-- DESCRIPTION OF THE TASK --
Omit the pictures and output exactly the lines from the start of the entries through the line containing "With pages per".

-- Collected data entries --

*** Begin section ***

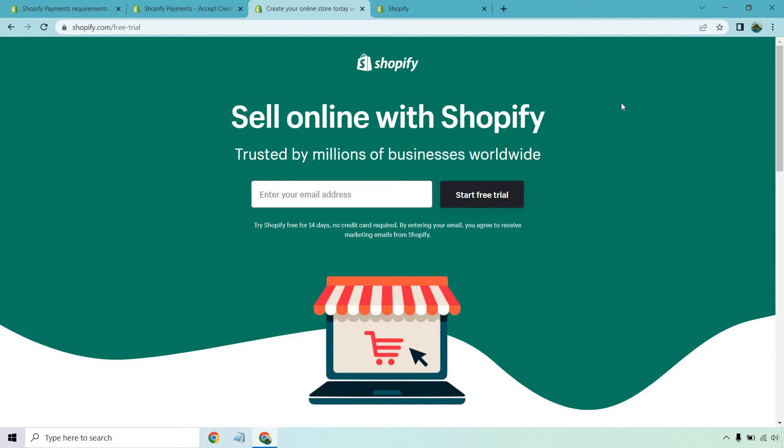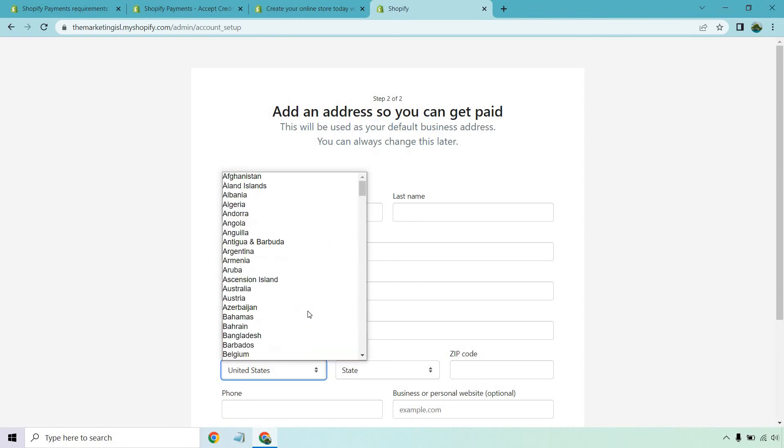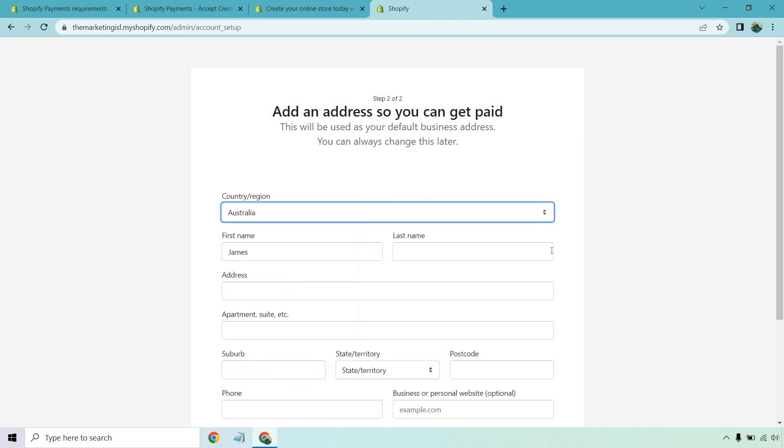Once you do that, enter your email and password. Eventually you'll get taken where you can add your information. If you scroll here, I'm in the US, but they have a list of other countries you can add. They even have Australia right here where you can enter your information and where you're from.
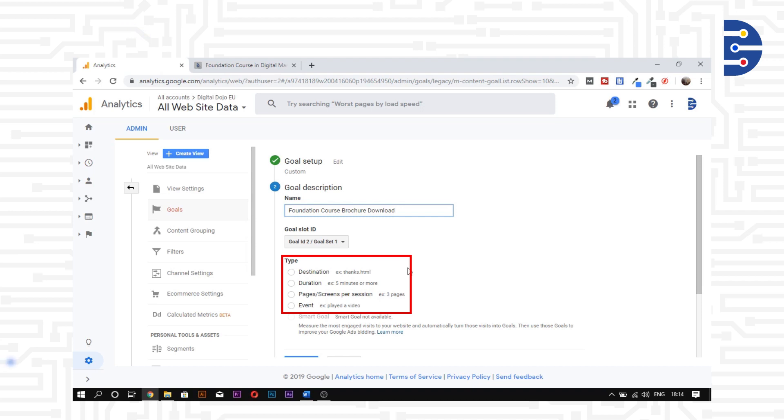With pages per session, we can set a goal to track the number of pages a visitor sees before exiting the website.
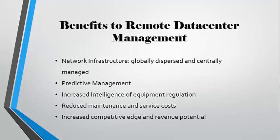Remote management allows centrally located personnel and applications to monitor, manage, and respond to globally distributed networks and systems from a single location. Our network infrastructure would be globally dispersed, but centrally managed.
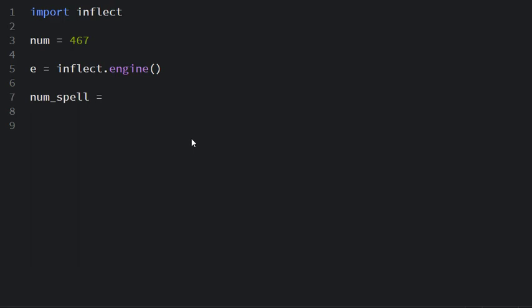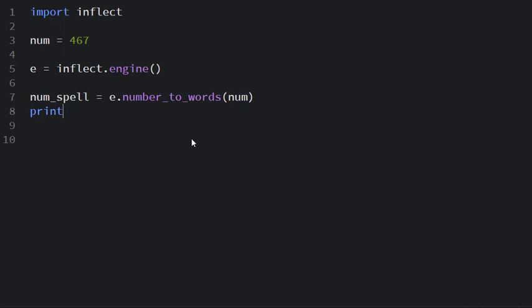I call the function e.number_to_words. I pass in the num as an argument and all I have to do is just I print num_spell.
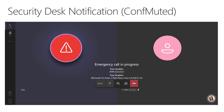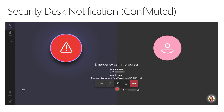An example of the security desk notification with conference muted mode: when a test call was made using the 933 bot, it automatically created a bridge including the calling user, Adele as a group member, and a dial-out external number that was also bridged into the emergency call. This demonstrates the conference automatically established when the user makes an emergency call.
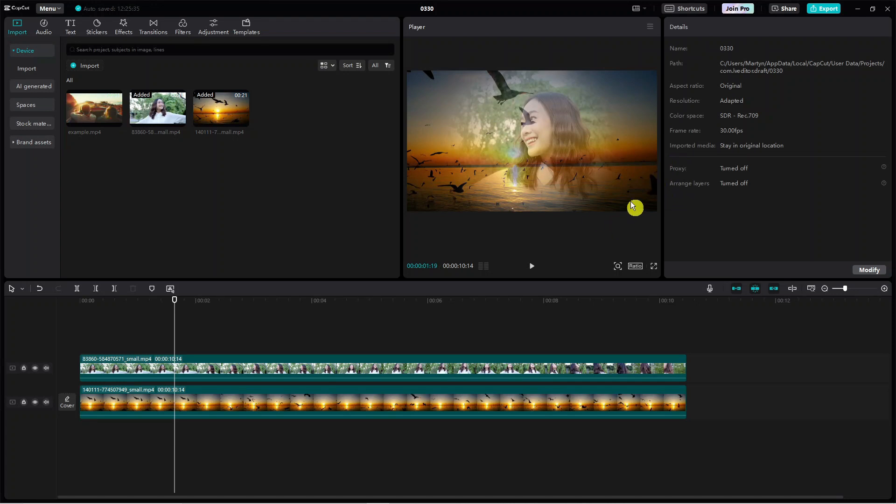So here we are as you can see on CapCut. I'm doing this on PC but these steps are the same if you're doing this on a mobile device.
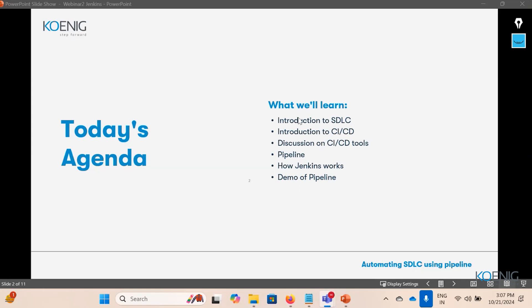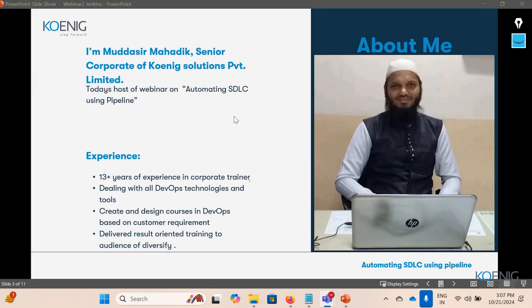The last part of the session will cover two demos: how a pipeline can be configured and how pipeline automation works. My name is Muda Simatic, I'm from Mumbai, India. I possess almost 13-plus years of experience as a corporate trainer and I am associated with Koinic Solutions for the last three years as a Senior Corporate Trainer. My area of expertise starts from system administration in Linux and all the DevOps tools the industry uses to automate end-to-end software development lifecycle.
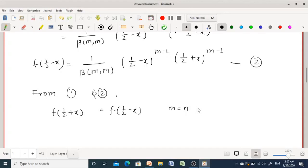Therefore, x is a symmetric random variable about 1/2 if m = n. You can also say that the mean, median, and mode coincide at the particular point 1/2, when m and n are equal in the beta distribution of first kind, because x is symmetric about that point. So in that case, mean = median = mode = 1/2 or 0.5.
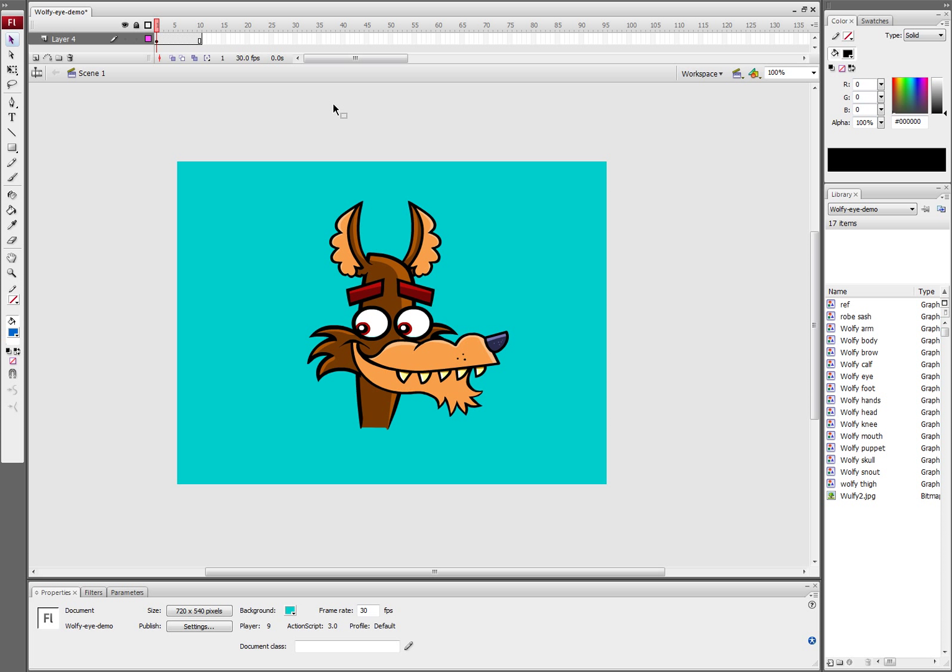Hi, this is Mike Milo and I'm going to show you how to set up an eye blink in Flash on a character.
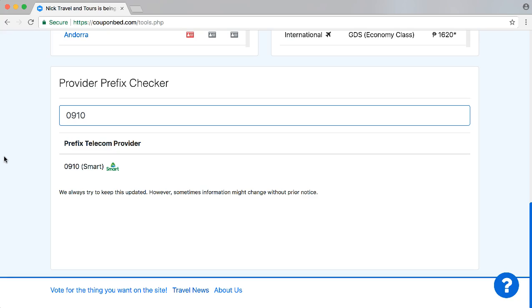Now you know instantly what the right telecom provider is, so you will avoid any additional charges. A very simple tool to use, very easy and very useful for your travel agency.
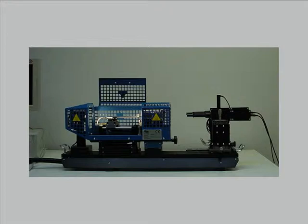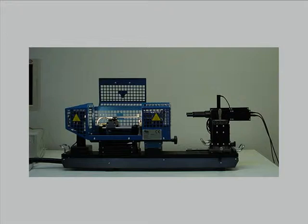The optical dilatometer MISURA-HT is the only instrument available on the market which is able to follow the process of expansion, sintering, or bloating with high resolution and making no contact with the sample.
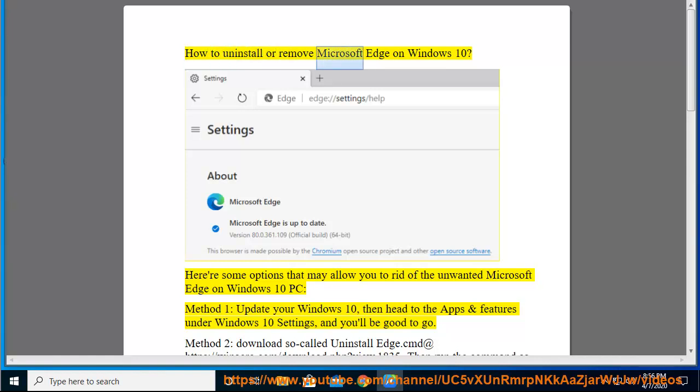How to Uninstall or Remove Microsoft Edge on Windows 10. Here are some options that may allow you to rid of the unwanted Microsoft Edge on Windows 10 PC.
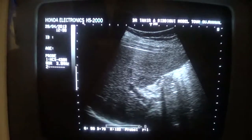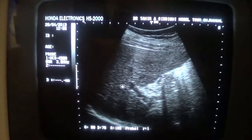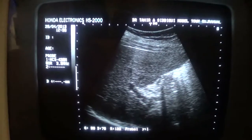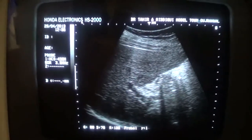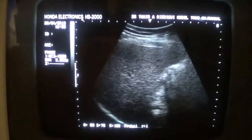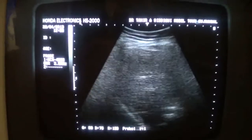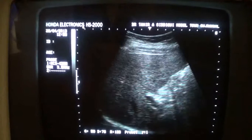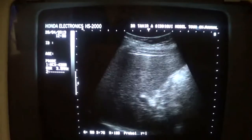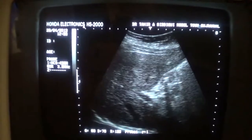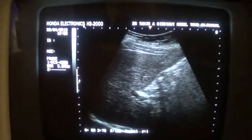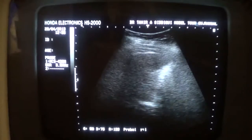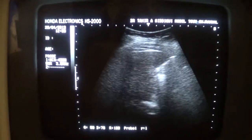Here you can see the gallbladder with its landmark, the portal vein. This is the gallbladder. Don't confuse it with the bowels. Be very careful while imaging a contracted gallbladder. Ask the patient to come the next day with an overnight fast.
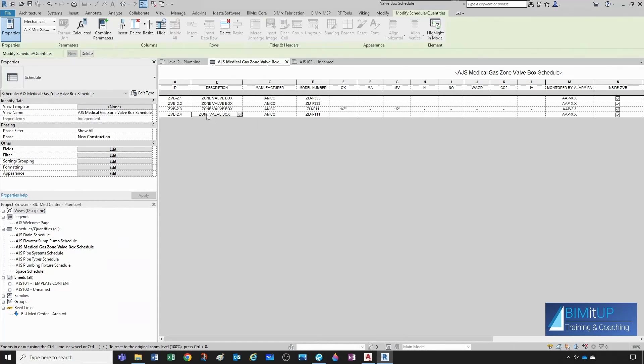zone valve box, and that way anything that is not a zone valve box will not appear here. And we have it sorted out by level, and we have a little space between levels, but right now we have nothing on level one, so it's just this plane level two. So now let's go back to our floor plan to fill up everything else.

*** End section ***

-- REPLY --
Once you do that, enter your email and password. Eventually you'll get taken where you can add your information. If you scroll here, I'm in the US, but they have a list of other countries you can add. They even have Australia right here where you can enter your information and where you're from.
With pages per session, we can set a goal to track the number of pages a visitor sees before exiting the website.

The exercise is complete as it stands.